1990 novelette by Dafydd ab Hugh

"The Coon Rolled Down and Ruptured His Larinks, a Squeezed Novel by Mr. Skunk" is a 1990 science fiction novelette by American writer Dafydd ab Hugh.

==Background==
The book was originally published in Isaac Asimov's Science Fiction Magazine in August 1990, and subsequently republished in The Year's Best Science Fiction: Eighth Annual Collection (edited by Gardner Dozois), in Best New SF 5 (also edited by Dozois), and in Nebula Awards 26 (edited by James K. Morrow).
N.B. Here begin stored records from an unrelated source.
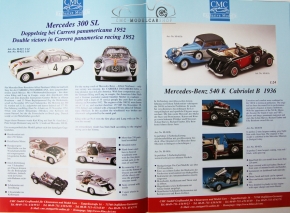 CMC catalog 1999/2000 rarity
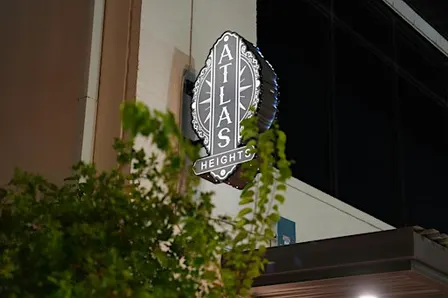 Last Man Standing Finals: Houston Bartender Championship at Atlas Heights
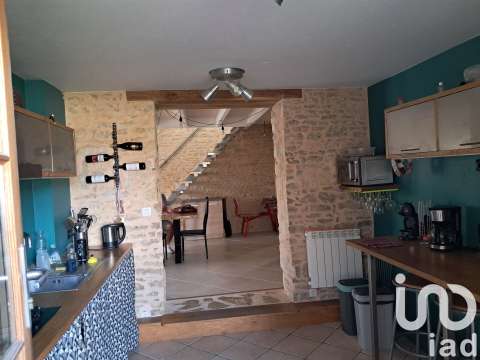 Vente maison 5 pièces Brion-près-Thouet 79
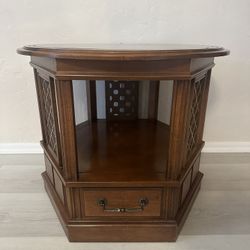Side Accent Table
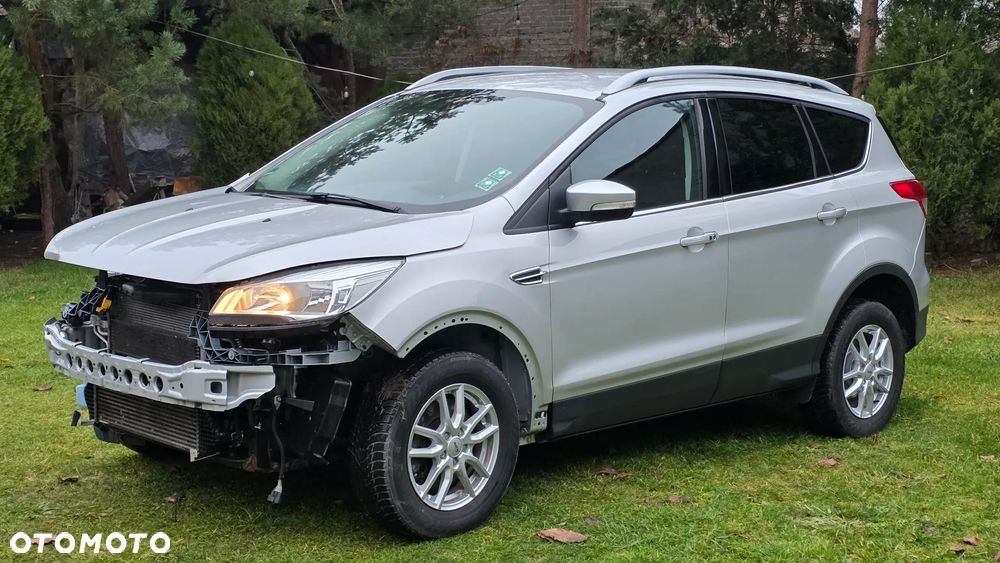 Ford Kuga - 2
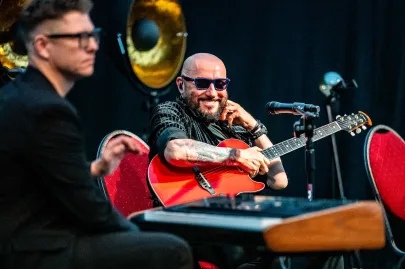  Kombii Akustycznie - The Best Of - Amfiteatr Tarasów 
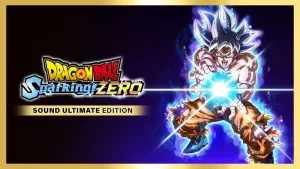 DRAGON BALL: Sparking! ZERO Sound Ultimate Edition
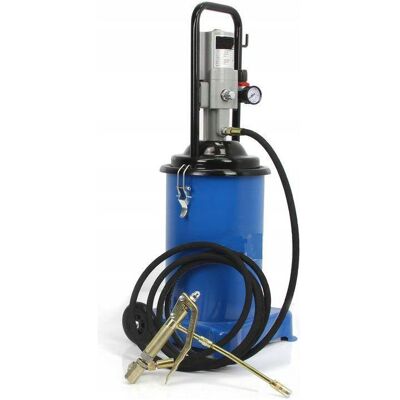 Silver, Kompressor, Towotnica Pneumatyczna 12l/ (12 l) Silver, Kompressor, Towotnica Pneumatyczna 12l/ (12 l)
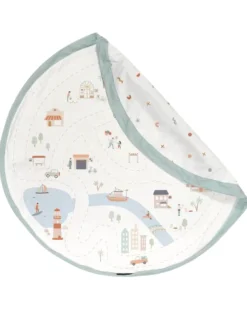 Sacco Portagiochi e Tappeto Gioco 2 in 1 - Città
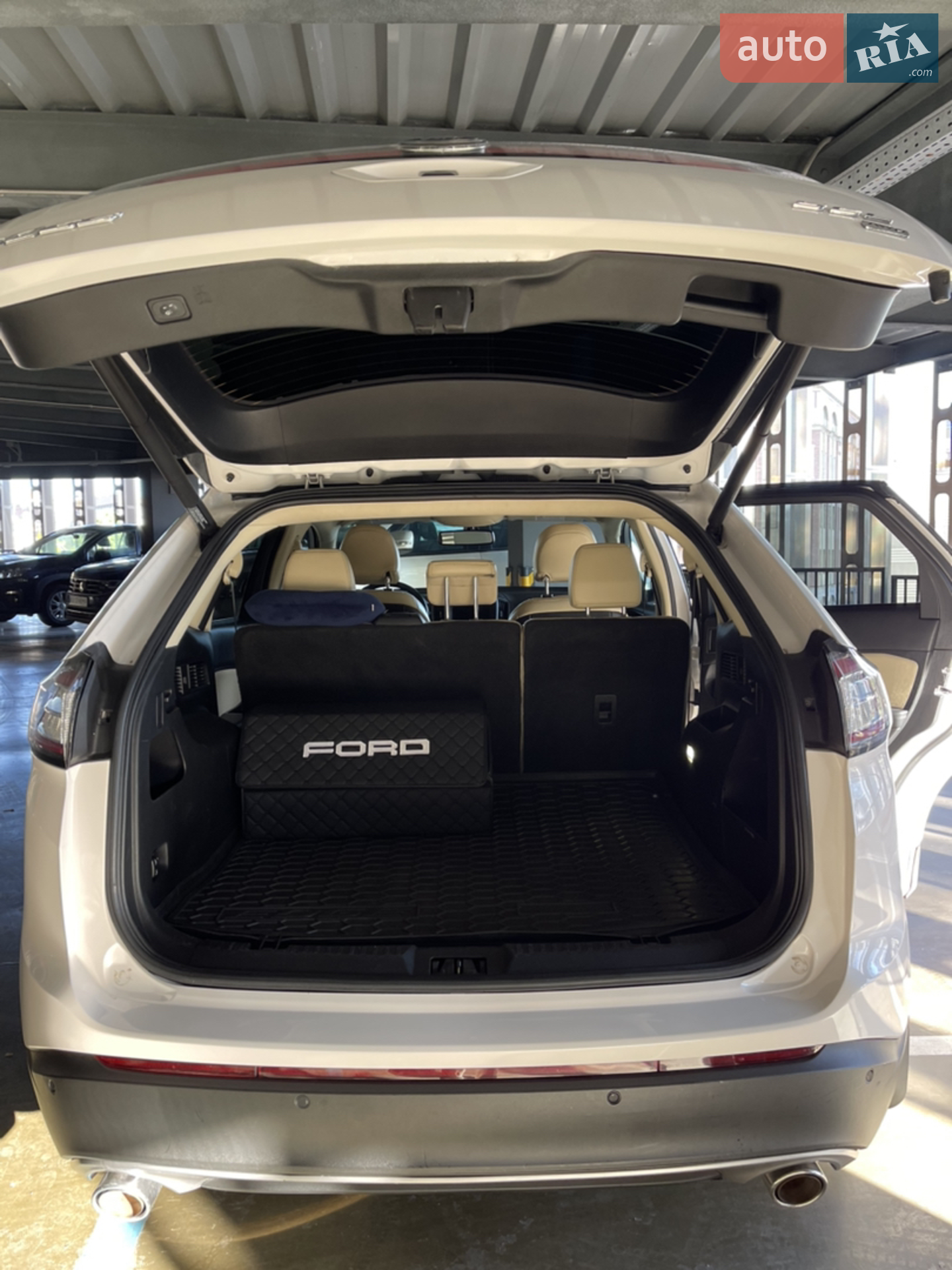 2016 Ford Edge - мініатюра 11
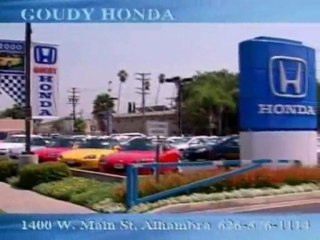 Honda Clearance Los Angeles, Pasadena, El Monte, Cerritos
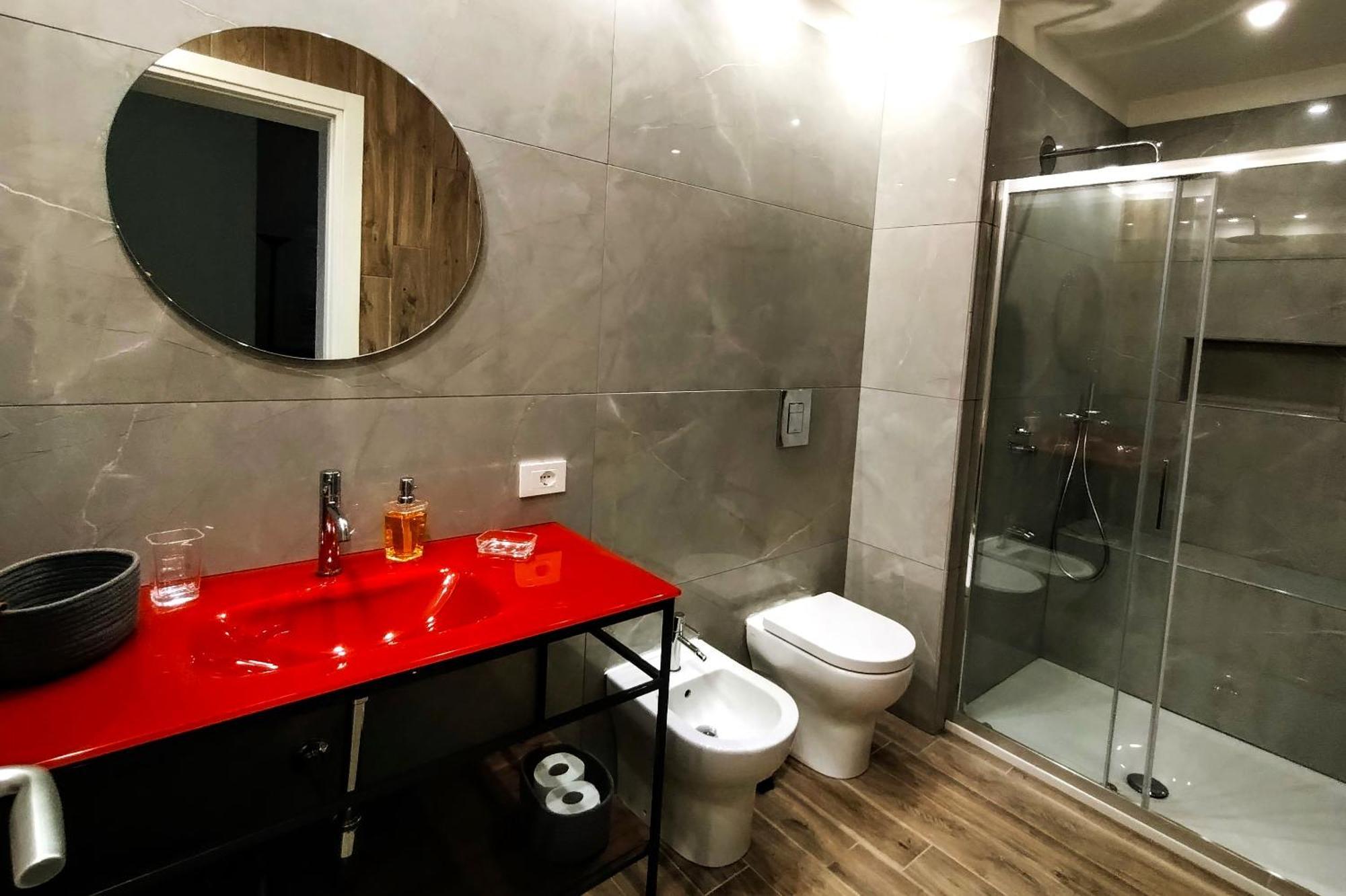 Apartmán Domus Vetriera Palermo Exteriér fotografie
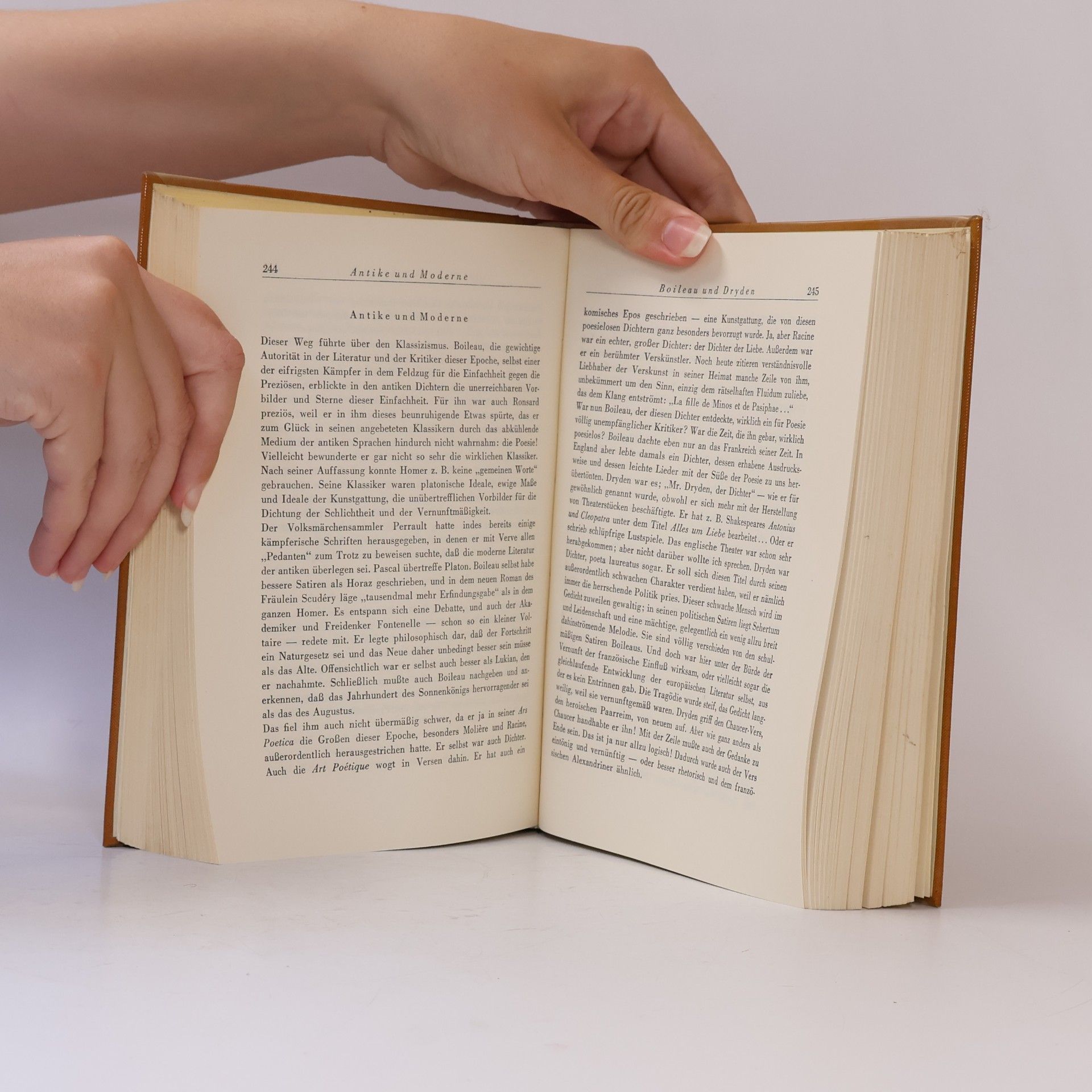 Michael Babits Geschichte der europäischen Literatur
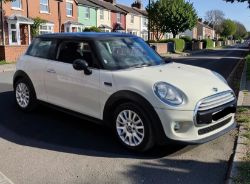 **(ONLY 62K MILEAGE)** 2014 MINI COOPER D 1.5 DIESEL MANUAL HATCHBACK 1496CC
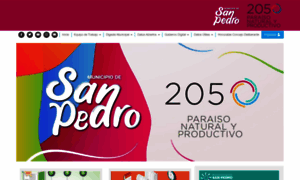 Sanpedro.gov.ar thumbnail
The story is set in a post-apocalyptic world where all animals have acquired human-level intelligence and the ability to speak – and all humans have become intellectually disabled. This state of human-animal equality is known as "democrazy" [sic].
At one point in the story, the main character and his female dog kill and eat a cat, who has unsuccessfully begged for its life.
Later, the man copulates with the dog.

The title is a reference to the Xhosa language tongue twister, "Iqaqa laziqikaqika kwaze kwaqhawaka uqhoqhoqha" (translated: "The skunk rolled down and ruptured its larynx").

==Reception==
The Encyclopedia of Science Fiction describes "The Coon Rolled Down and Ruptured his Larinks, a Squeezed Novel by Mr. Skunk" as 'striking' and compares its 'linguistic invention' to that of Riddley Walker.

In 1991, "Ruptured" was nominated for both the Hugo Award for Best Novelette and the Nebula Award for Best Novelette.